The British credit card issuers are afraid that people will get into debt if they buy cryptocurrencies and the prices will continue to fall. The Lloyds Banking Group will issue a statement to its nine million credit card users today. According to reports, the bank will block all attempts to buy cryptocurrencies using credit cards. However, debit cards are still accepted. In an email, a company spokesperson said: “We do not accept purchases of cryptocurrencies made with credit cards at Lloyds Bank, Bank of Scotland, Halifax and MBNA”.
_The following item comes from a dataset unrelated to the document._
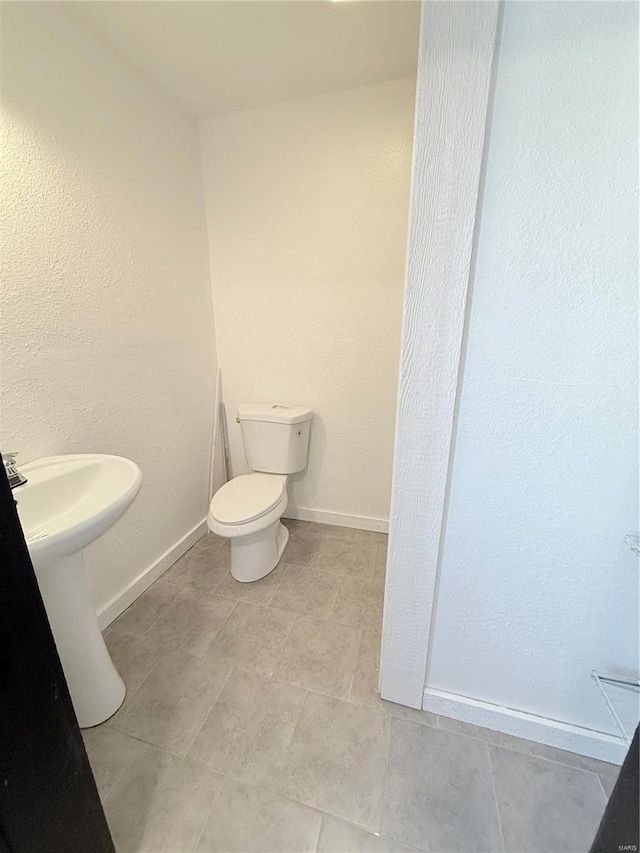 bathroom with toilet, tile patterned flooring, and baseboards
The banking giant is the first in the UK that limits its credit cards and the purchasing power of its customers. It could additionally exacerbate the drop in prices because it became a bit more difficult to buy cryptocurrencies. Some banks are already anti-crypto because decentralized money is against their business model. This movement follows a wave of government regulations around the world which want to prevent the use of digital currencies for criminal activity. In contrast to many misleading reports in the mainstream media, there was no ban on trade or trading in India or South Korea. Three large US banks take a similar stance on the last week’s announcements. JPMorgan Chase & Co., Bank of America Corp. and Citigroup Inc. stated that they would no longer allow the purchase of a crypt by means of a credit card. Using a credit card is riskier, and the banks try to mitigate it by forcing their clients to use their own money to buy virtual currencies. They are also concerned that customers will spend more than they can afford – which is much easier when they are not their money.

Let’s now take a look at the Bitcoin technical picture at the H4 time frame. The overall rally to the level of $19,550 might be considered completed, and the correction to the downside is the part of another, bigger cycle. Currently, the price has reached the territory of the previous wave (4) of the lower cycle, and the low of this wave is at the level of $5,520. This might be the level for a bounce higher.